Very crude, I know. But it serves my needs.
Daniel
that may be crude but its the best idea i've seen so far. I wish Word VBA would incorporate the ceiling function available in Excel, that would make life that much easier... I guess its too much to ask from microsoft. Thanks for your help. I'll incorporate it as soon as i get this documentation I'm now working on done (like maybe 2011 if i'm lucky).
Thanks again
Andrew;?
Nothing annoys a non-conformist more than other non-conformists who refuse to conform to the rules of non-conformity.
Confused is my normal state of mind
You're welcome, and if you find a better solution, I'd be interested, too.
Daniel
How about Round(17.459, 2)?
In Word-VBA? At least in Word97 I can't find that one.
It's in VBA.Math in Word 2000. It will not round up like requested unless
[VBA]
Round(17.459+0.005,2)
[/VBA]
as you showed. The only real difference is Format returns a string the Round returns a Double/Single. Which can be gotten around by
[VBA]
CDbl(Format(17.459+0.005,"###0.00"))
Val(Format(17.459+0.005,"###0.00"))
[/VBA]
Hi,
Yes VBA 6 does have a round function if it was there in 97...don't remember that..(have to check)
Remember that the Round function we all know off in Excel has a different result as the VBA Round function. (So results may differ from expectation)
More background: http://support.microsoft.com/default...b;en-us;194983
But you can still make custom Round function deppending on you're needs.
More backgound: http://support.microsoft.com/kb/196652/EN-US/
Enjoy!
_________
Groetjes,
Joost Verdaasdonk
M.O.S. Master
Mark your thread solved, when it has been, by hitting the Thread Tools dropdown at the top of the thread.

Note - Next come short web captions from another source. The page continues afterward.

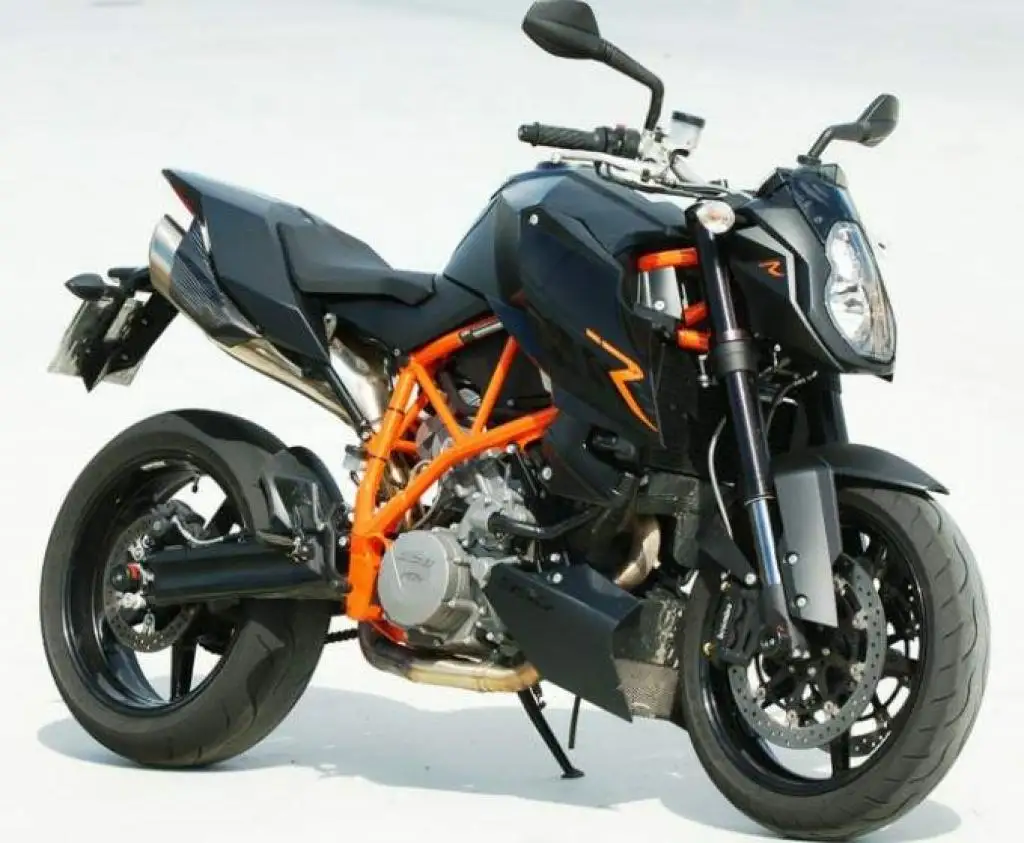 KTM 990 Super Duke 2011
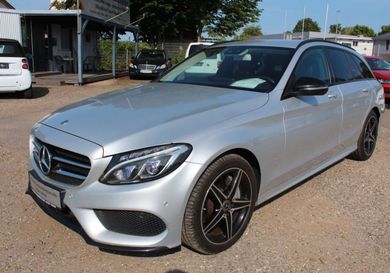 Mercedes-Benz C 400, 2018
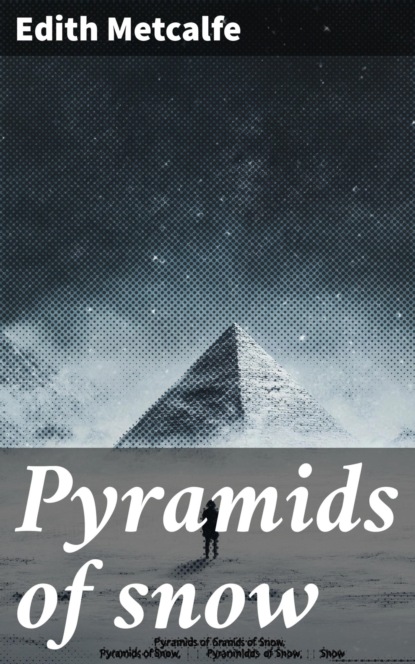 Pyramids of snow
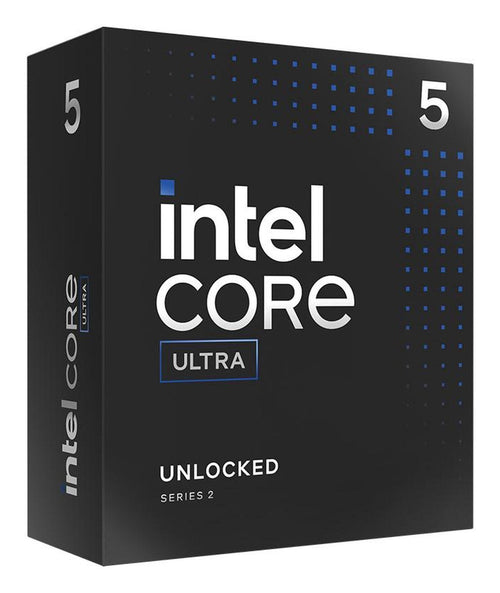 Intel Processor LGA1851 Core Ultra 5 245KF 4,20GHZ, 24M Arrow Lake Box — image 1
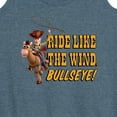thumbnail image 3 of Toy Story - Ride Like The Wind - Women's Racerback Tank Top, 3 of 5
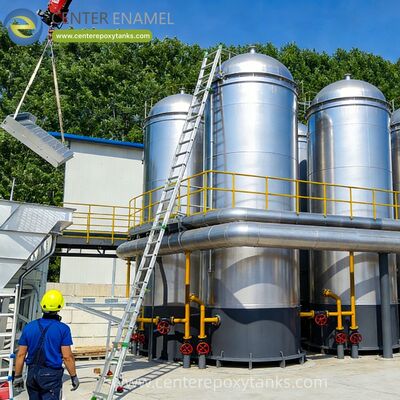 Geschweißte Stahlbehälter für tragbare Kraftstoffspeicher: Robust konstruiert, um den Härten des häufigen Transports und der Umsiedlung standzuhalten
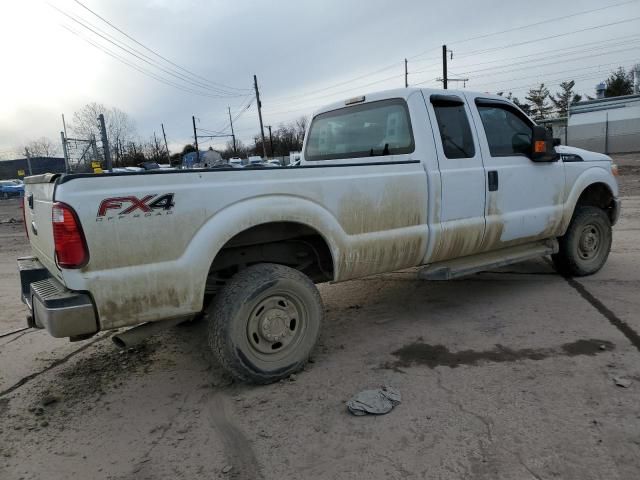 2016 Ford F350 Super Duty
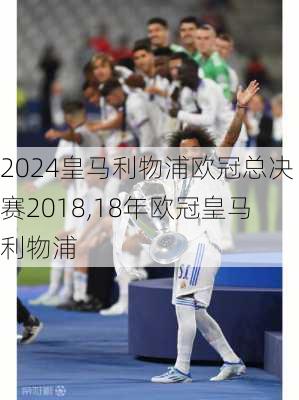 皇马利物浦欧冠总决赛2018,18年欧冠皇马利物浦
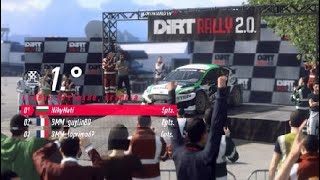 Rallycross Loheac Francia [upl. by Annerahs]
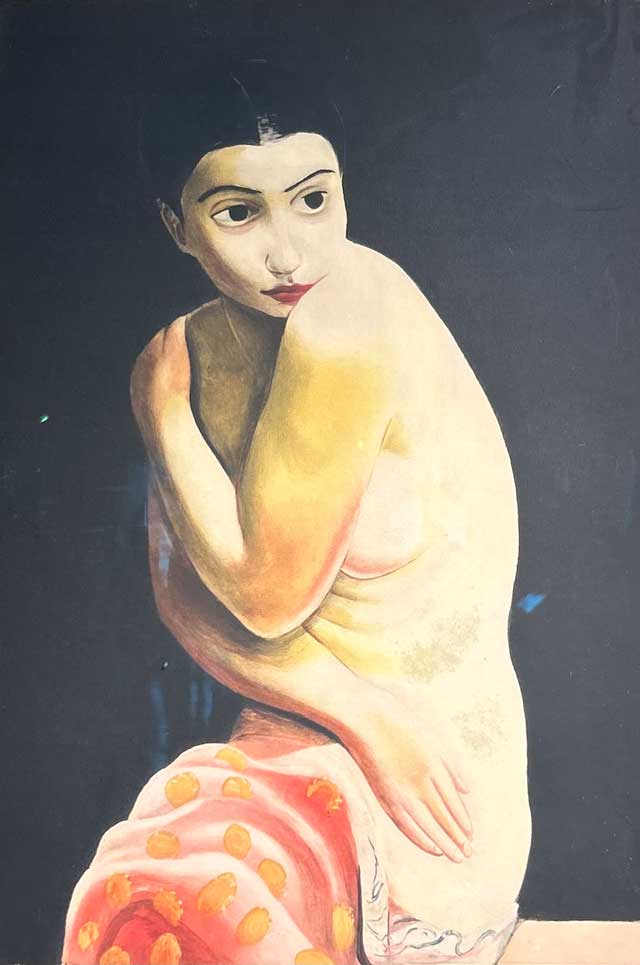 Fot.1.Kiki-de-Montparnasse.-Akt-Siedzący.-1927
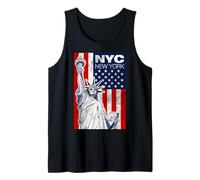 New York City Statue of Liberty T Shirts, Cool New York City Débardeur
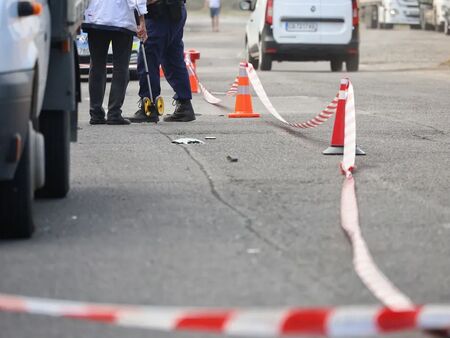 Извънредно! Петролен бос е застрелян в София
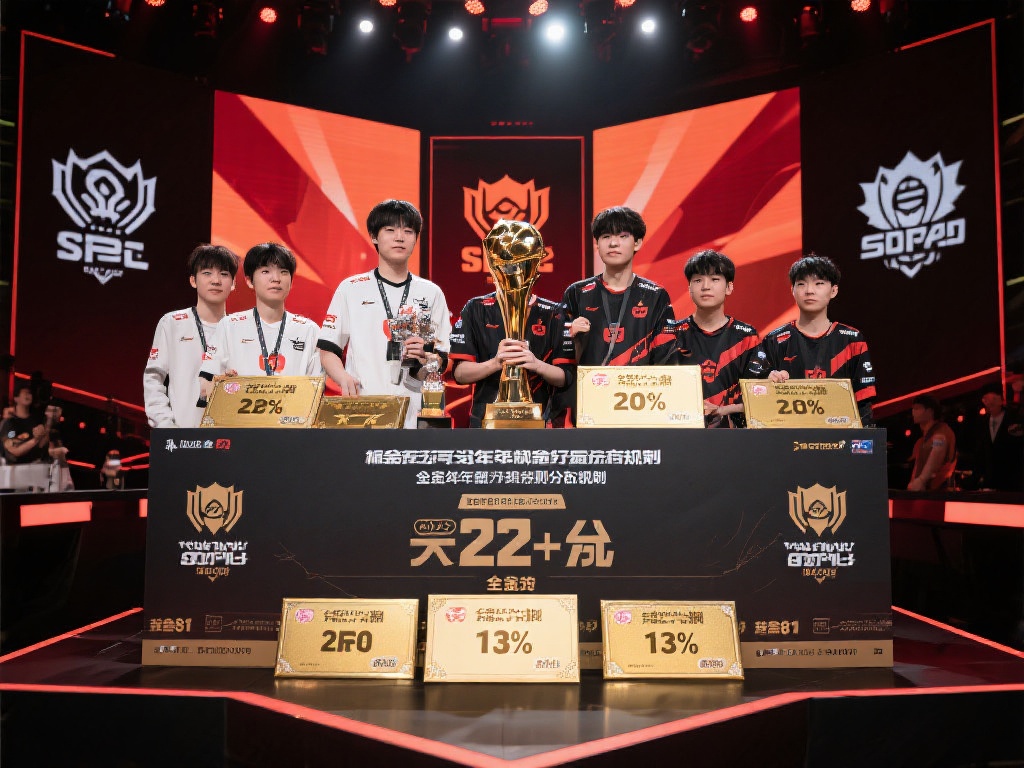 英雄联盟全球总决赛奖金池与选手收入内幕深度解析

(I don't answer questions asked through E-mail or PM's)
That borught me to an idea, but it just does not work as expected and I have no idea why:
[VBA]Public Function RoundUp(val As Double, digits As Integer)
Dim mult As Double, i%, res As Double
mult = -1
For i = 1 To digits
mult = mult * 10
Next i
res = (Int(val * mult) / mult)
RoundUp = res
End Function
[/VBA]
This should make use of the fact, the Int for negative numbers always round away from the 0. But it just does not do what it should, example:
? roundup(17.323,3)
17.324
If I go through the calculation stepts it should be:
17.323 * (-1000) = -17323
Int(-17323) = -17323
-17323 / (-1000) = 13.323
But if I combine the first 2 steps I get:
? int(17.323*(-1000))
-17324
Where's the problem??
By the way, this one should work correct:
[VBA]Public Function RoundUp(val As Double, digits As Integer)
Dim mult As Double, i%, res As Double
mult = -1
For i = 1 To digits
mult = mult * 10
Next i
res = val * mult
res = (Int(res) / mult)
RoundUp = res
End Function[/VBA]
But I still would like to know where the difference above comes from.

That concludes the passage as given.